The Spoken Corpus of the Southern Dutch Dialects (Gesproken Corpus van de zuidelijk-Nederlandse Dialecten)
Abstract
The Spoken Corpus of the Southern Dutch Dialects (GCND) is a linguistically annotated, audioaligned corpus of 653 recordings from 639 locations across Belgium, northern France, and the southern Netherlands. Most recordings (623) date from 1963–1976 and involve speakers born around 1900 (beginning 1871); 30 new recordings (2020–2024) fill geographic gaps.

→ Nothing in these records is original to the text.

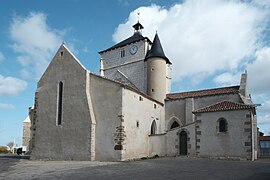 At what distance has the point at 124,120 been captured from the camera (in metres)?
18.2

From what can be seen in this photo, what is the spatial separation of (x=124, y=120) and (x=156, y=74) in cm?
992

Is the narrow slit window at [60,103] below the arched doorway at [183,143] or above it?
above

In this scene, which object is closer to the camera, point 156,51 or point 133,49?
point 156,51

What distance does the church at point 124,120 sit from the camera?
Answer: 59.8ft

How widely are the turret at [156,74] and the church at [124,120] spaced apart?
1242 mm

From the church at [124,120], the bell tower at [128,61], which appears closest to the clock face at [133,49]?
the bell tower at [128,61]

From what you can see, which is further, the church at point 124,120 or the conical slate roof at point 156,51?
the conical slate roof at point 156,51

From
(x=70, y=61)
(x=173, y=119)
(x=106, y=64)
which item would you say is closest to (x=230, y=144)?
(x=173, y=119)

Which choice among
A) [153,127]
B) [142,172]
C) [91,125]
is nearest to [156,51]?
[153,127]

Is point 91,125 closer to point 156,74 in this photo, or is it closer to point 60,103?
point 60,103

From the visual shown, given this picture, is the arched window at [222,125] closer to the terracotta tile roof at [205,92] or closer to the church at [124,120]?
the church at [124,120]

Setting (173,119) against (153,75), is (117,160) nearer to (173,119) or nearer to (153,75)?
(173,119)

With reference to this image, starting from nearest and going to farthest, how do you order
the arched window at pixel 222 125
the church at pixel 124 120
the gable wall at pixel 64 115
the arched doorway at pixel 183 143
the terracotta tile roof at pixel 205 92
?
the church at pixel 124 120, the arched window at pixel 222 125, the gable wall at pixel 64 115, the arched doorway at pixel 183 143, the terracotta tile roof at pixel 205 92

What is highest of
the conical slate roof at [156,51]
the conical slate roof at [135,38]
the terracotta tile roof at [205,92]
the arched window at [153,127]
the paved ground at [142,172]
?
the conical slate roof at [135,38] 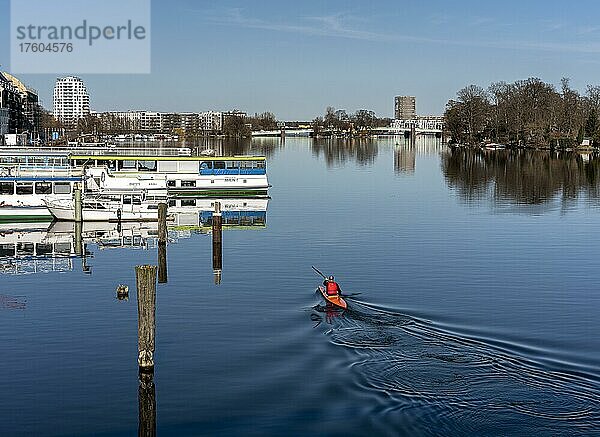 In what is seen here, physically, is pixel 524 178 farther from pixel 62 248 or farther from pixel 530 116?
pixel 530 116

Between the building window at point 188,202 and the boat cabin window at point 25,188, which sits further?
the building window at point 188,202

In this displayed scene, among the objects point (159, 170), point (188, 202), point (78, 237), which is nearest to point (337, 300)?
point (78, 237)

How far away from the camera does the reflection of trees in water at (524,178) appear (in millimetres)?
72188

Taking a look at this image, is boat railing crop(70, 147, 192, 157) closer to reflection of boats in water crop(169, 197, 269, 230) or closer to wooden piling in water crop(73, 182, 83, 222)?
reflection of boats in water crop(169, 197, 269, 230)

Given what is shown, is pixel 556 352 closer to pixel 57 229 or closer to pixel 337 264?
pixel 337 264

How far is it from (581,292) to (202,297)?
14.2 metres

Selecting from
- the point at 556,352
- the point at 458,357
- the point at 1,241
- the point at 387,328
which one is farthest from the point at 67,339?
the point at 1,241

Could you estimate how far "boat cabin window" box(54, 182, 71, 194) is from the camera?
185 feet

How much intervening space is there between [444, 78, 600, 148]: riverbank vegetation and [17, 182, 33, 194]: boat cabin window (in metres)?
123

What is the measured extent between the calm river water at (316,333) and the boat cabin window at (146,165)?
20.5 metres

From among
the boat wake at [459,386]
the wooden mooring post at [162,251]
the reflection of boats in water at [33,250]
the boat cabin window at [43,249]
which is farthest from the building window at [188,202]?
the boat wake at [459,386]

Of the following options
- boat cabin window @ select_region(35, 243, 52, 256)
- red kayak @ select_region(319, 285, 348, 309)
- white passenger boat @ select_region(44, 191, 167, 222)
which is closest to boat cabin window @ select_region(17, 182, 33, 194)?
white passenger boat @ select_region(44, 191, 167, 222)

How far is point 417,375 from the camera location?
73.6 ft

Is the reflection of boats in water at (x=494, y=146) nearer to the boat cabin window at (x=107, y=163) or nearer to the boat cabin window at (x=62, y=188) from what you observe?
the boat cabin window at (x=107, y=163) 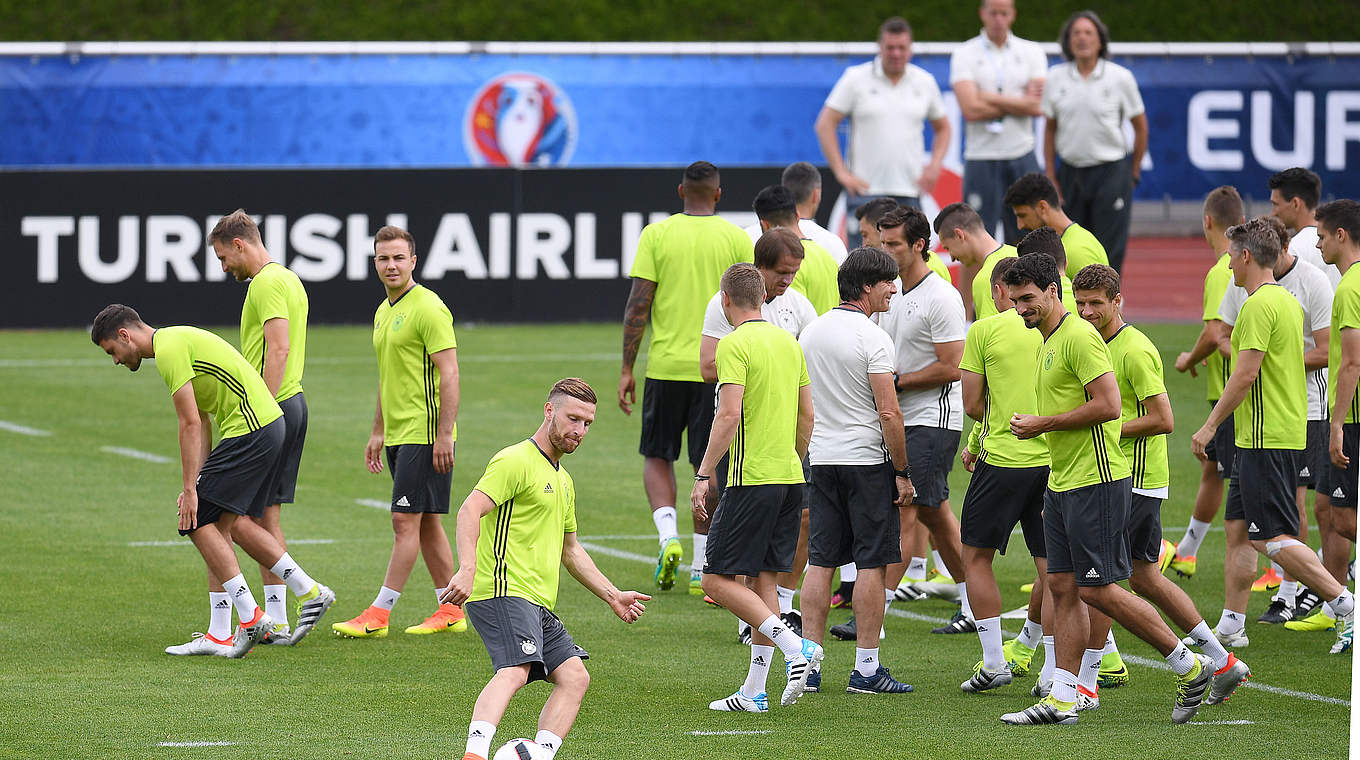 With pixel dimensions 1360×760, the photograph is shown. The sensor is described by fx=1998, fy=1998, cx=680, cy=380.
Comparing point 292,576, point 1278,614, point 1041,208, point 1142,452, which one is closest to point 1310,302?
point 1041,208

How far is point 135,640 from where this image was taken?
398 inches

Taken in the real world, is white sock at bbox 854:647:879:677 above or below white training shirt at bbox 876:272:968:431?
below

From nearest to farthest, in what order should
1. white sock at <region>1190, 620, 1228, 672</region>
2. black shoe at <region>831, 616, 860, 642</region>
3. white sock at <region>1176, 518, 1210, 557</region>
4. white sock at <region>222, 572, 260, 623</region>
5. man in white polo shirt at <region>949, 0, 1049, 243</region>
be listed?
white sock at <region>1190, 620, 1228, 672</region>, white sock at <region>222, 572, 260, 623</region>, black shoe at <region>831, 616, 860, 642</region>, white sock at <region>1176, 518, 1210, 557</region>, man in white polo shirt at <region>949, 0, 1049, 243</region>

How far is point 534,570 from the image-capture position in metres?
7.60

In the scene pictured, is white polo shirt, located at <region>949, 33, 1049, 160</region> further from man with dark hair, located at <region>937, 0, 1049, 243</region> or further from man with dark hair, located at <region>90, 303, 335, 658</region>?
man with dark hair, located at <region>90, 303, 335, 658</region>

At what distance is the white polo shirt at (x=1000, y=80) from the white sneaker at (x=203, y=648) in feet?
30.0

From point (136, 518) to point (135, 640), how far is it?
3.65 metres

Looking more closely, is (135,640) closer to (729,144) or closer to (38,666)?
(38,666)

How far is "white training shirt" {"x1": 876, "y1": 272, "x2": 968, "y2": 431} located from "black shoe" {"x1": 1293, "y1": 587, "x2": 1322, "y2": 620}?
219 centimetres

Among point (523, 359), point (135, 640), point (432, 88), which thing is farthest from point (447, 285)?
point (135, 640)

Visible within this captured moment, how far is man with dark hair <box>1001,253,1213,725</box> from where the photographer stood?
8375mm

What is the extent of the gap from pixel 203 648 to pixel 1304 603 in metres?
5.93

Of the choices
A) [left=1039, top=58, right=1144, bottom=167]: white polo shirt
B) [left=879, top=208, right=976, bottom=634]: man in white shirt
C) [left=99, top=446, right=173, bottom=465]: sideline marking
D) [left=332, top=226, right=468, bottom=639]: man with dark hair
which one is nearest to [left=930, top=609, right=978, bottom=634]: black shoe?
[left=879, top=208, right=976, bottom=634]: man in white shirt

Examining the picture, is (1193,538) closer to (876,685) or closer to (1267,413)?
(1267,413) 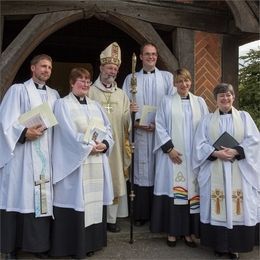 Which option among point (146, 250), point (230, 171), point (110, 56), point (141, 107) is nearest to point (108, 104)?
point (141, 107)

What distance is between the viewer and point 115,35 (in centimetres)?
902

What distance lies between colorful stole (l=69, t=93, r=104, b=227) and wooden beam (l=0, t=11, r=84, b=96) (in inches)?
49.4

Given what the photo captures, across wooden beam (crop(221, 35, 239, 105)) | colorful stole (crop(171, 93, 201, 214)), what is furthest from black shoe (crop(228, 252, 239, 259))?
wooden beam (crop(221, 35, 239, 105))

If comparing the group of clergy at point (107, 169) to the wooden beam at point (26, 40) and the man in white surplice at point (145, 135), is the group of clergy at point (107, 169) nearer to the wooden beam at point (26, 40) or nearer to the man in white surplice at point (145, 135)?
the man in white surplice at point (145, 135)

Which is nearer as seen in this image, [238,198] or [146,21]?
[238,198]

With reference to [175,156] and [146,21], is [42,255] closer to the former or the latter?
[175,156]

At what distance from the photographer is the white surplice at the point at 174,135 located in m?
4.92

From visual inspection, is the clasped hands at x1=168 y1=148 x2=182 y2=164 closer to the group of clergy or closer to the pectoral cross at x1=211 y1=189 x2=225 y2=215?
the group of clergy

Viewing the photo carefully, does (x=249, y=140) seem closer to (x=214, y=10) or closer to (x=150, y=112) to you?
(x=150, y=112)

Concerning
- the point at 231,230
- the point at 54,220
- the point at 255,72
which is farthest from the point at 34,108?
the point at 255,72

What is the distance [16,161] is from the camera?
437 cm

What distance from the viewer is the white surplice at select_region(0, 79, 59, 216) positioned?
4309mm

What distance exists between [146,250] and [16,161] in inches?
67.8

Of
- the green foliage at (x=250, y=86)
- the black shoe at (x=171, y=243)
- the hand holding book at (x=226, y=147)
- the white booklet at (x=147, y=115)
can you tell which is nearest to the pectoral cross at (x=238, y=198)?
the hand holding book at (x=226, y=147) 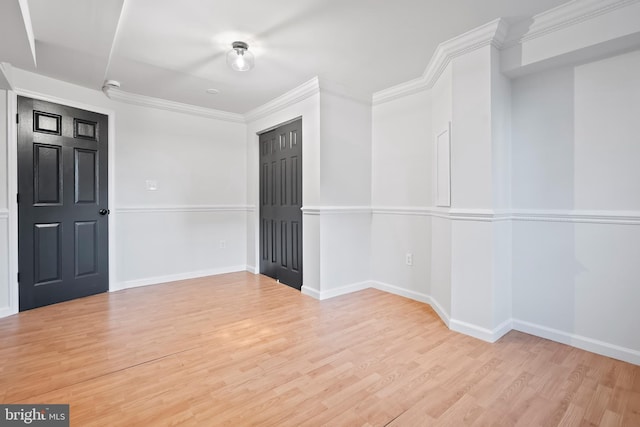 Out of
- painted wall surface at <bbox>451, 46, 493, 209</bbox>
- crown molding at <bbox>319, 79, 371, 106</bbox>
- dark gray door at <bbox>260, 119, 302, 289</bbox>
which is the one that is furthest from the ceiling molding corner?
painted wall surface at <bbox>451, 46, 493, 209</bbox>

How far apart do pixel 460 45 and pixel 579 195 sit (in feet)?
4.90

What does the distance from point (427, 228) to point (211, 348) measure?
7.79ft

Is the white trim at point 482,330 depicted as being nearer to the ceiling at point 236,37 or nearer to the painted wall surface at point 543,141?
the painted wall surface at point 543,141

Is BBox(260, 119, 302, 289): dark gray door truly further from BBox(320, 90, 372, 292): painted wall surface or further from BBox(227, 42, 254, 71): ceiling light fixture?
BBox(227, 42, 254, 71): ceiling light fixture

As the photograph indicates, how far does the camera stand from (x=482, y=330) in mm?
2432

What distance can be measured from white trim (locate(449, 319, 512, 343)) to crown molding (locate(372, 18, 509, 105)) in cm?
224

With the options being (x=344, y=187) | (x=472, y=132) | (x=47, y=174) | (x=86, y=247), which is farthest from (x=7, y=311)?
(x=472, y=132)

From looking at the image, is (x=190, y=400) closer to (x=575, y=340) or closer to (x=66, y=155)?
(x=575, y=340)

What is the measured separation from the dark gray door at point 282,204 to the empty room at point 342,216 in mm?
51

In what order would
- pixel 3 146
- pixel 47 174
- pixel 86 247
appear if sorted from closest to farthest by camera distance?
pixel 3 146
pixel 47 174
pixel 86 247

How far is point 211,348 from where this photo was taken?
2287 millimetres

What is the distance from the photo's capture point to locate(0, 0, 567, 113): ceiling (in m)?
2.12

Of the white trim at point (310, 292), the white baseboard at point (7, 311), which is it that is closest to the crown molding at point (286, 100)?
the white trim at point (310, 292)

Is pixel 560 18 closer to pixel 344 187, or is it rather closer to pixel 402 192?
pixel 402 192
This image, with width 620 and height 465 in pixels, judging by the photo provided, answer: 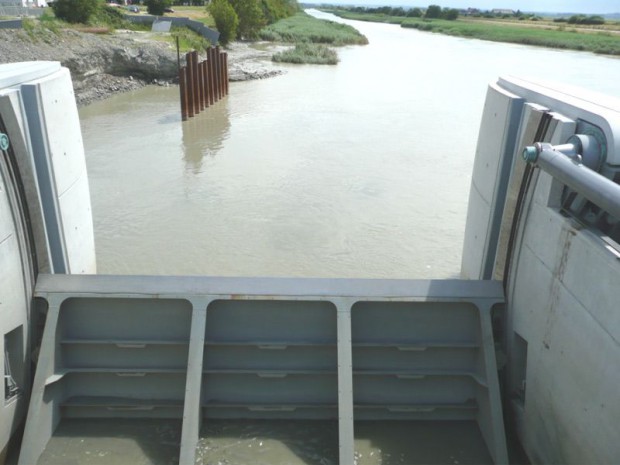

All recordings were transcribed using a two-tier orthographic protocol and annotated with POS tags, lemmas, and syntactic parses via the Alpino parser, supplemented by manual pre- and post-processing. The corpus is searchable through the Dutch Language Institute (INT) using the BlackLab and GrETEL interfaces. GCND forms an unprecedented resource for research on Dutch dialect variation, spoken corpus annotation, but also dialect-sensitive speech technology. Words, lemmata, metadata, and syntactic structures are accessible for non-commercial research use.
© 2026 Anne Breitbarth, Melissa Farasyn, Anne-Sophie Ghyselen, Lien Hellebaut, Frederic Lamsens, Katrien Depuydt, Jesse de Does, Jan Niestadt, Koen Mertens, published by Ubiquity Press
This work is licensed under the Creative Commons Attribution 4.0 License.